Let’s pretend I want to write the most brilliant science fiction novel for the year 2011.  This is a much smaller ambition than understanding evolution, but still quite complex, so let’s also pretend that lazy-ass me is willing to to do some major research.  I could start with the year 1818, for when Mary Shelley created Frankenstein, and try to make a list of all the great breakthrough science fictional ideas that were put forth since then.  After doing this research I’d have a good genealogy of the science fictional tree of knowledge and whatever branch I followed to place my novel, I should be in good shape for imagining the next bud.

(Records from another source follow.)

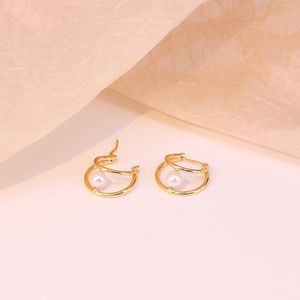Pendientes de Aro ROXI, Pendientes de Perlas Pequeñas en Capas, Pendientes Delicados - Product Image 3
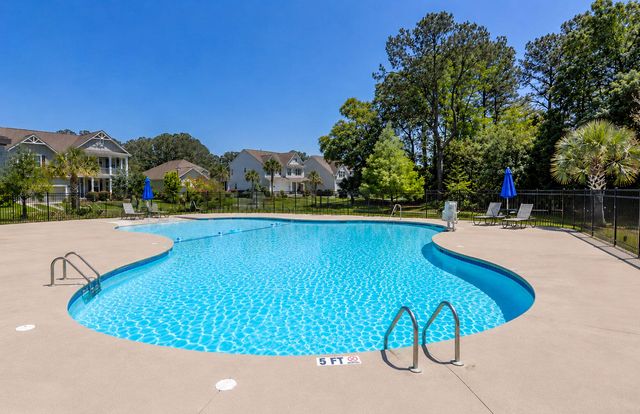 227 Killdeer Court, Mount Pleasant, SC 29464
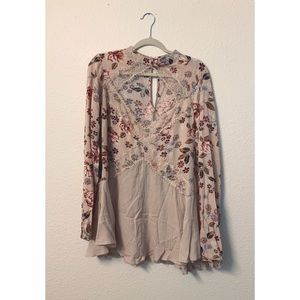 Long sleeve tunic w lace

Well, I’m not going to actually do that, I don’t have the time, but it would be a wonderfully fun project.  Instead, I’m going to test the idea out on 1951, the year I was born, and build a list of science fiction books that were published in 1951 that I consider major, and are still remembered today, and add to that list any major story that appeared in a SF magazine in 1951 that’s I’ve read or can research, and finally ice the cake with important science fiction movies from the same year.

ASF-Nov51

I’m a science fiction addict, which explains why I’m intrigued with the idea of dating all the great science fictional ideas, but you could do this too with your own favorite subject area.  Hell, this idea itself popped into my mind when I noticed that the book I’m reading, The Illustrated Man by Ray Bradbury, came out in 1951, the year I was born.  This got me to thinking about the state of science fiction that year.  Bradbury is a cautionary writer, so his science fiction seems afraid of the future, but then again Heinlein’s The Puppet Master didn’t paint a rosy picture either.  Nor could you find upbeat escapism by going to the movies and watching The Day the Earth Stood Still, When Worlds Collide and The Thing From Another World.

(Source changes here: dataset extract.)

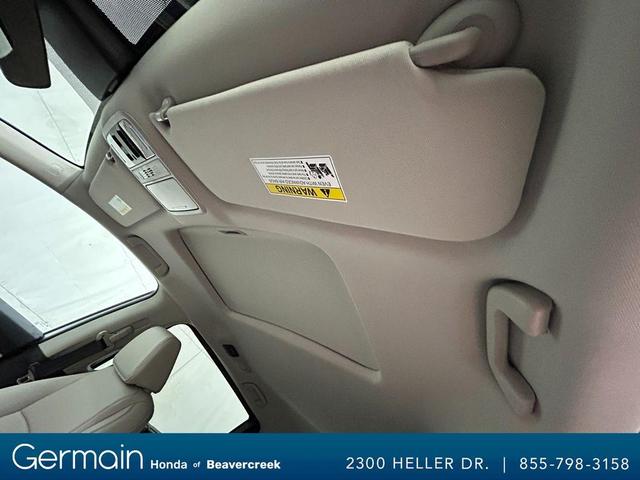 Photo of 2026 Solar Silver Metallic Honda Odyssey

How in the world did I grow up thinking science fiction paved the way for exciting futures?  The most famous science fiction novels of the 20th century to the world at large are Brave New World, 1984, A Clockwork Orange and Slaughterhouse Five.  When did the future become a Disney destination – well certainly not in 1951.  Or maybe all the gosh-wow sense of wonder stories of 1951 where not the big public movies, but the cherished stories that only the fans embraced.

All around the world in 1951, but mainly in the U.S. and Great Britain, science fiction writers were creating their visions of the future.  Few people took them seriously.  Some of their tales are still in print today, The Illustrated Man is set for its second movie production, and a remake of The Day the Earth Stood Still came out last year.  Why is science fiction from 1951 still being read and seen today?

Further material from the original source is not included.